Scottish officials were careful to stress that HM Prison Zeist has a prayer room and a compass mounted on the wall to tell the men which way to turn for Mecca. The Libyans' Muslim dietary requirements are being met with specially prepared hallal meals. The men's brothers, who accompanied them from Tripoli on Monday, also spent the first night at the site.
It is unlikely that they will stay for the duration - the trial could take up to two years. Under Scottish law, proceedings must begin within 110 days of next week's committal for trial, but this period can be extended if both the defence and the prosecution agree. Scottish Office officials admitted that the defence teams, consisting of one Scottish Advocate, one Scottish solicitor and one Libyan lawyer each, will have to work quickly to respond to the evidence amassed by the prosecution in the 10 years since the bombing.

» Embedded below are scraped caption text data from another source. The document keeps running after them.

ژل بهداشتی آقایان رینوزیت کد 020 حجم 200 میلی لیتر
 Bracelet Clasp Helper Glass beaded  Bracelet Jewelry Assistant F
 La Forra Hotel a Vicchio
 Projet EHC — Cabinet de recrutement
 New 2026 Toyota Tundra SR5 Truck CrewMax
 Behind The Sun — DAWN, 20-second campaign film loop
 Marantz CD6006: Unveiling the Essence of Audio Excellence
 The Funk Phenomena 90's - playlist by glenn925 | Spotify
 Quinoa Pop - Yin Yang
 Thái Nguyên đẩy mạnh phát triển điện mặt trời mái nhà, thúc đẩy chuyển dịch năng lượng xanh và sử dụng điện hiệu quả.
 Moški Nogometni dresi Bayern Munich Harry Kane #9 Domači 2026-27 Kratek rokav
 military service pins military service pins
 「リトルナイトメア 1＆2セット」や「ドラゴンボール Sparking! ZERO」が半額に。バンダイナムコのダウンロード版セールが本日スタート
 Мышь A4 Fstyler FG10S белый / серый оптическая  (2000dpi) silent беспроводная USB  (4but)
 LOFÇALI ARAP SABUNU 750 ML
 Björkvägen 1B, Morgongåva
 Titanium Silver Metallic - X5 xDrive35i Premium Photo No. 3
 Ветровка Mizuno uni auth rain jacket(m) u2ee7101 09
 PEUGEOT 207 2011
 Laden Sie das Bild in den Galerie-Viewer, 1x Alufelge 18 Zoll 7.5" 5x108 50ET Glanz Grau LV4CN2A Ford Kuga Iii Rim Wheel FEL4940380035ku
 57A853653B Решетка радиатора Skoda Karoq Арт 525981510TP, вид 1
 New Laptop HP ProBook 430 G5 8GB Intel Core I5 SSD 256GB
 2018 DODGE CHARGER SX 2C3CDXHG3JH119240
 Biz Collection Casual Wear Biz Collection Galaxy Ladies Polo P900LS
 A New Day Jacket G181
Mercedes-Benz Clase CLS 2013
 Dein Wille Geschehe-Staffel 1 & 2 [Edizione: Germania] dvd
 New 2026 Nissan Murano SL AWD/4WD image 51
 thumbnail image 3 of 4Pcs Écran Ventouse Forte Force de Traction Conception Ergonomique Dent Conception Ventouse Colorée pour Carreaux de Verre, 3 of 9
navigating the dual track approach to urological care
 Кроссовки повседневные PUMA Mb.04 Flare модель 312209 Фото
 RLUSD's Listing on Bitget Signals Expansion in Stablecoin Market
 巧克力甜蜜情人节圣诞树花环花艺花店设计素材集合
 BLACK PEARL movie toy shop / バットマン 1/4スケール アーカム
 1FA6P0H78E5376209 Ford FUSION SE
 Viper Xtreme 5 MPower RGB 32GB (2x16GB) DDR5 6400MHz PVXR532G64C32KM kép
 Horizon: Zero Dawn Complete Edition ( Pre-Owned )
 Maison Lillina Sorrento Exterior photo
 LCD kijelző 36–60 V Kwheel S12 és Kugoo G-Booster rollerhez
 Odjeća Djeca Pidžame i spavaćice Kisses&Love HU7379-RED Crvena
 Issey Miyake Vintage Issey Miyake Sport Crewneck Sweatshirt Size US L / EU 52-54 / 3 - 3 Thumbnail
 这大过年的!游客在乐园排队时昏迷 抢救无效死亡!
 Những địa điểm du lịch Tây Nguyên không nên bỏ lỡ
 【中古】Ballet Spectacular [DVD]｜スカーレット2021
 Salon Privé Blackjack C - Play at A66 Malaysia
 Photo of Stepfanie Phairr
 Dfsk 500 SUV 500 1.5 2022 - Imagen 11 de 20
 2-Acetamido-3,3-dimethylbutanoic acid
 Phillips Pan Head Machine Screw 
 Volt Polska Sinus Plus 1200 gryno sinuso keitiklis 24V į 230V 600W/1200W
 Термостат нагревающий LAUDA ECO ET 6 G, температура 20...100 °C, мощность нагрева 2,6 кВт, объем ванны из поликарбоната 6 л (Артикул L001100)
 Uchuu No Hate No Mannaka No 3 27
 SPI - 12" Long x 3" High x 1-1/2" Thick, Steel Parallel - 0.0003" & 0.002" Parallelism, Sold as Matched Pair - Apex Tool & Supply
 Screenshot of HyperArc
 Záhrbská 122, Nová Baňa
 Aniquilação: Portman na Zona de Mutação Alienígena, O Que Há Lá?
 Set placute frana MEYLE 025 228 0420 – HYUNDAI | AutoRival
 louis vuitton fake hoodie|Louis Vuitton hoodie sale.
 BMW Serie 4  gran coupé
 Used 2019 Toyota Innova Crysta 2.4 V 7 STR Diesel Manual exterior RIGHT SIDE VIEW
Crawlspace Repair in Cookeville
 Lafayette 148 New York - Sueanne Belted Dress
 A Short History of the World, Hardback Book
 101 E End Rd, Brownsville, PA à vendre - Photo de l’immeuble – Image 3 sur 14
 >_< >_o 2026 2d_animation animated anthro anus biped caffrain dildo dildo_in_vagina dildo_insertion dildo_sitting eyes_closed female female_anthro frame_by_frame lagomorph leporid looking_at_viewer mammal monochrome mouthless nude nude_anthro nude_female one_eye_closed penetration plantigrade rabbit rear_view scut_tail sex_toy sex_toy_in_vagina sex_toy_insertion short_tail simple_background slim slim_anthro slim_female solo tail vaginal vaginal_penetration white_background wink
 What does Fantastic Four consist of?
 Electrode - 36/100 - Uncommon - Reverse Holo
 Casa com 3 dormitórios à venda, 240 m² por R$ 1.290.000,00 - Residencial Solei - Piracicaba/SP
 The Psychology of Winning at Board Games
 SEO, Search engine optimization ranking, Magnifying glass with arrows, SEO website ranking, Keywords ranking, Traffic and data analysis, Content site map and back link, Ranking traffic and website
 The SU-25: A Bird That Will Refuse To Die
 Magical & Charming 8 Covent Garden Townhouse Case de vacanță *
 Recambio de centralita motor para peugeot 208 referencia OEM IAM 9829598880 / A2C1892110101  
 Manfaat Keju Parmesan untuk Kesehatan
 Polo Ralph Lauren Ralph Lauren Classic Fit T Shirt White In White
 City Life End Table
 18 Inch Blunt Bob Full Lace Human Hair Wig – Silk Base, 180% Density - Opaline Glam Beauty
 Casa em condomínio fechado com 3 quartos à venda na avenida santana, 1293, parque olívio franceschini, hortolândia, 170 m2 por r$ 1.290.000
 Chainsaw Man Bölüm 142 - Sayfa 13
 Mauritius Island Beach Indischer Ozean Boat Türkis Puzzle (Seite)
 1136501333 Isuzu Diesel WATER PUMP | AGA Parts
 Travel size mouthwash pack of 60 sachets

As well as murder and conspiracy to murder, the men have been charged with violation of the Air Security Act, a crime that carries a life sentence.
Warrants for the men's arrests were first issued by a Dumfries and Galloway sheriff in 1991, three years after a three-year investigation into the bombing.
There was no access for the media. Yesterday morning, as the the charges were being read to the accused, the world's cameras trained their lenses through the 10ft fence around the prison perimeter.
The only people admitted to the site other than staff were caterers, milkmen and building contractors.
Incongruously, the air museum at the former base is being kept open throughout the trial. Yesterday it played host to hundreds of Dutch families taking advantage of the Easter holidays.
Most of them were oblivious to the presence of the accused men - and to the police, armed with sub-machine-guns, who were patrolling nearby.